ASSIGNMENT:
From the records below, output exactly the lines starting at the line with "What Kamertonoti.ru website" and ending at the line with "खस्ताहाल यस बैंक", both of them included, but no pictures.

SOURCE DATA:
-- Opening Marker --

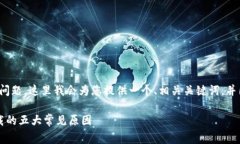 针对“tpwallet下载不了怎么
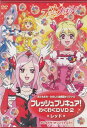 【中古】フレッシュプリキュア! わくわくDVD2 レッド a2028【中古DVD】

-- Closing Marker --
-- Opening Marker --

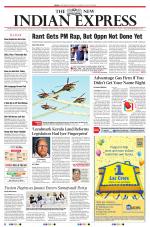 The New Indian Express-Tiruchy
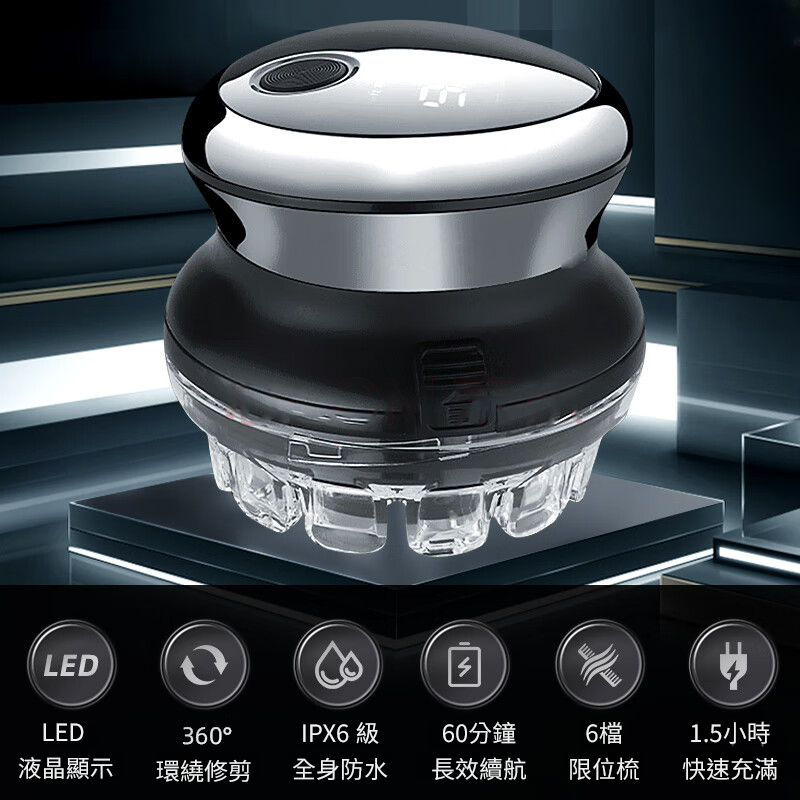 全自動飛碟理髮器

-- Closing Marker --
-- Opening Marker --

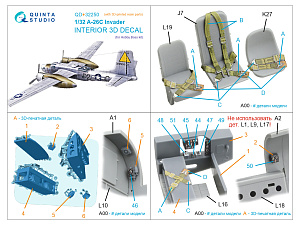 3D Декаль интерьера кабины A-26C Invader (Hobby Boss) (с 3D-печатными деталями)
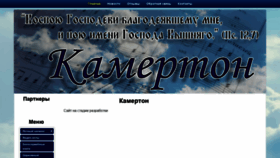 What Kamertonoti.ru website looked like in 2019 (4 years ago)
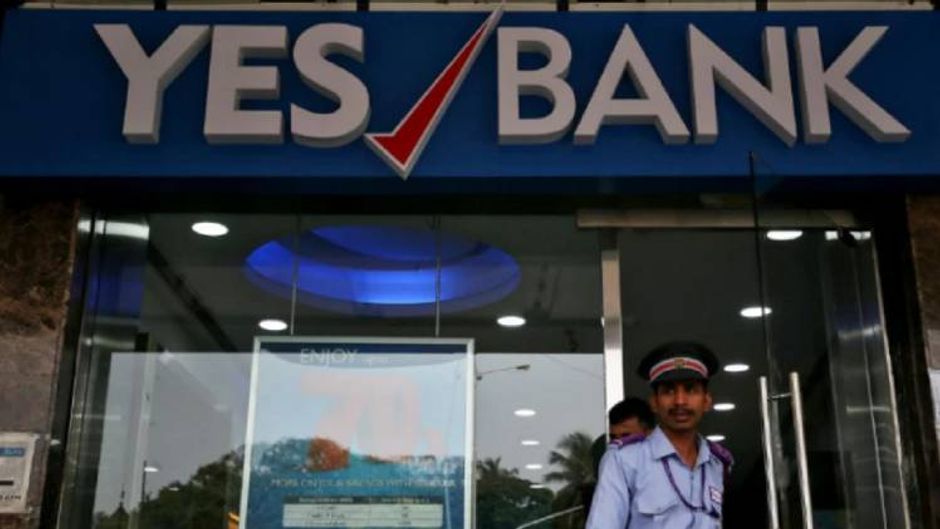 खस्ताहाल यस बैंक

-- Closing Marker --

TASK RESPONSE:
 What Kamertonoti.ru website looked like in 2019 (4 years ago)
 खस्ताहाल यस बैंक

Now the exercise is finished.